ROE8%ルールで資金の海外流出が加速!?

「利益の還元がどんどん増え、資本金さえ株主へと返されている。では、企業から還元された莫大な配当は誰が受け取ったのでしょうか?竹中先生は国民が株主になれば、配当という形で株主である国民にお金が戻るはずだ、と考えていたのですが、残念ながらそうはなりませんでした。みなさんご存じのように、外国人投資家がどんどん増えています。現在は平均30%が外国人投資家と言われていますが、これは表面上の数字で、詳細に分析すれば、優良上場企業の株主の半分近くが外国人投資家になっているのではないか、とも言われています。アベノミクスにおいて想定されたトリクルダウンは起こらず、国民を豊かにする結果につながらなかった理由はここにあります。分配される付加価値の多くが海外に流出しているのです。我々の調査からは、自社株買いを行っている企業は総じて外国人投資家の割合が高い、という傾向も見えてきました。そして外国人投資家は更なる還元を求めて、ROE(自己資本利益率:株主が出資した資金に対する収益性を示す指標)を高め、配当性向(利益のうち、配当に支払われた割合)を高めるよう、圧力をかけてきています」

2015年頃からは「日本企業はROEも配当性向も総じて低く、米国の半分以下である。これでは市場がグローバル化しても国際競争にならない。だから、ROE、配当性向を高めるべきだ」という論理でROE経営が推奨されるようになった。きっかけは、2014年8月に経産省によって出された通称「伊藤レポート」で「収益率(=稼ぐ力)を向上させるために、企業はROE8%を目指す」という具体的な目標が示されたことだ。このROE8%という数字は、外国人投資家を含む機関投資家らに「日本株に何%のリターンを求めるか」というアンケート調査を行った際の平均値から算出されたものだ。つまり、投資家らによる期待ROEの平均値がそのまま目標値として設定されたものだったのだ。もちろん、投資家らが高ROEや高還元率をめざすことは合理的であるし、企業としてもROE8%が達成できるよう、収益率を高められることが理想ではある。

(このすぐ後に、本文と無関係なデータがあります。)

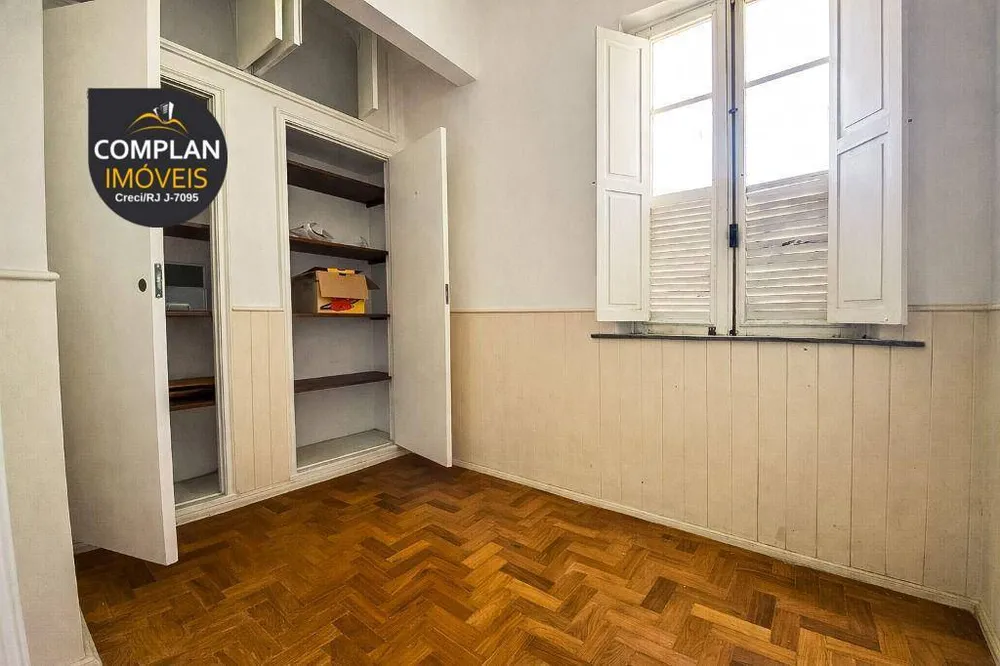 Cobertura, 5 quartos, 580 m² - Foto 54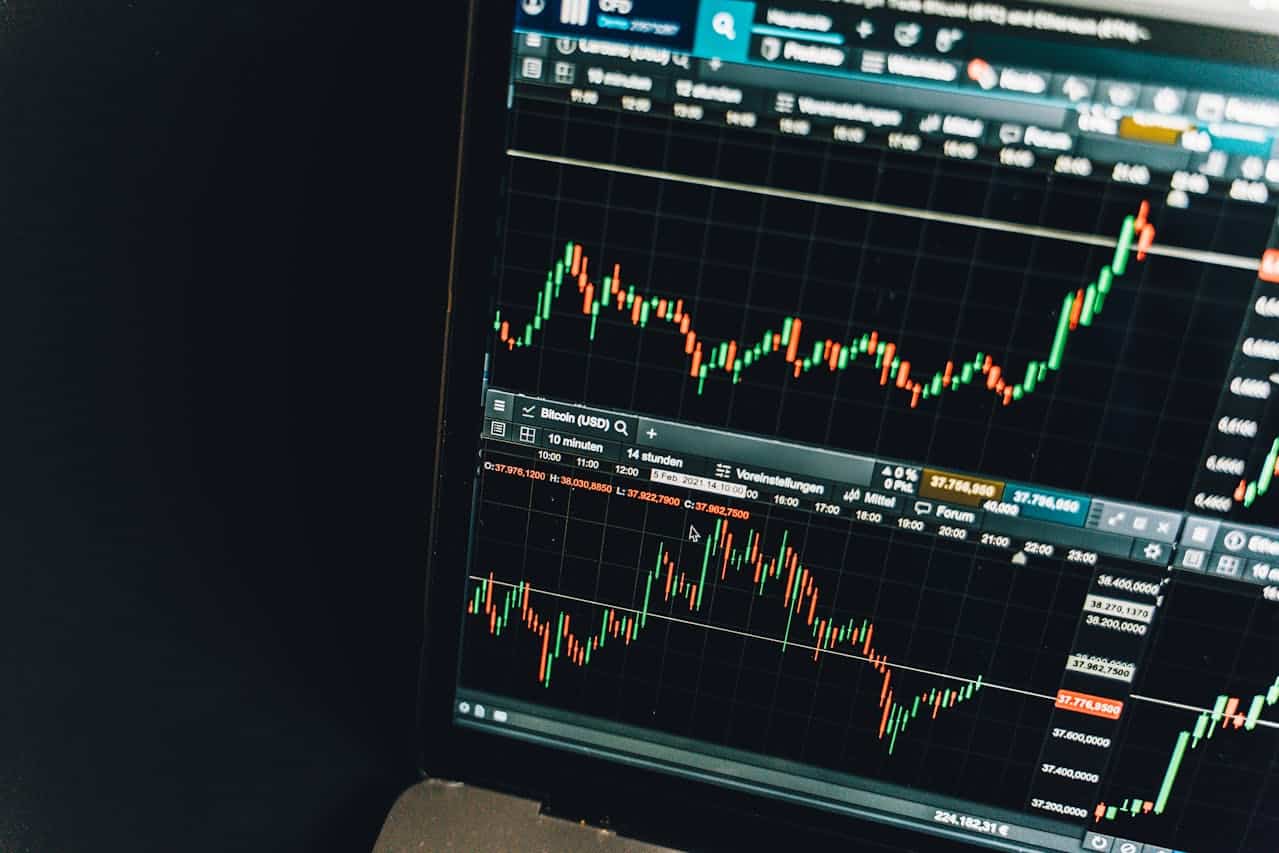 Actifs extérieurs : le Japon chute à la 3e place, dépassé par la Chine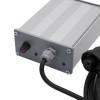 Olivepower V2 12V dan 33V DC 15m Kablolu Devir Ayarlı Konvertör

だが、「日本企業はROEや配当性向が低いから、市場がグローバル化したときに国際競争にならない、というのは誤りだ」とスズキ氏は指摘する。

「みなさんROEや配当性向ばかりを気にしますが、『有配率』を見ていません。有配率とは、上場企業が100社あるとして、そのうち何社が配当しているかを示す比率です。我々の研究室で調べた直近のデータによると、米国では上場企業の約2割しか配当していません。米国では企業が成長している限り、配当しないのが基本です。企業が大きく成長し、成熟してきたら配当する、というのが米国の配当の考え方だからです。一方、日本では93%が配当しています。93%の日本企業が、米国の成長しきった2割の企業と同じ配当性向で株主還元をしていたら、日本から急激に事業資金が流失してしまうのは明らかです。しかも、それはコロナ禍でも続いていました。日本では15社の鉄道会社が上場していますが、コロナ禍の移動制限により全社が赤字だったにもかかわらず、配当しているのです。コロナ禍で赤字なのに配当を出す、などということは欧米では考えられないことです」

コーポレート・ガバナンスを強化し、企業が投資家と情報を共有することで、企業と投資家の「建設的な対話」を促し、持続的価値創造を目指す”はずが、実際は赤字配当や、自社株買い要求が加速する、という真逆の事態が起きている。英国のビジネススクール教鞭を取っていたスズキ氏は、受講生である30~40代の投資家や経営者たちから、「Suck Japan  to the marrow.」という言葉を聞いたという。これは「日本を骨の髄までしゃぶりつくせ」という意味である。また、「日本が最終的につぶれてしまう前に売り抜けろ」とも。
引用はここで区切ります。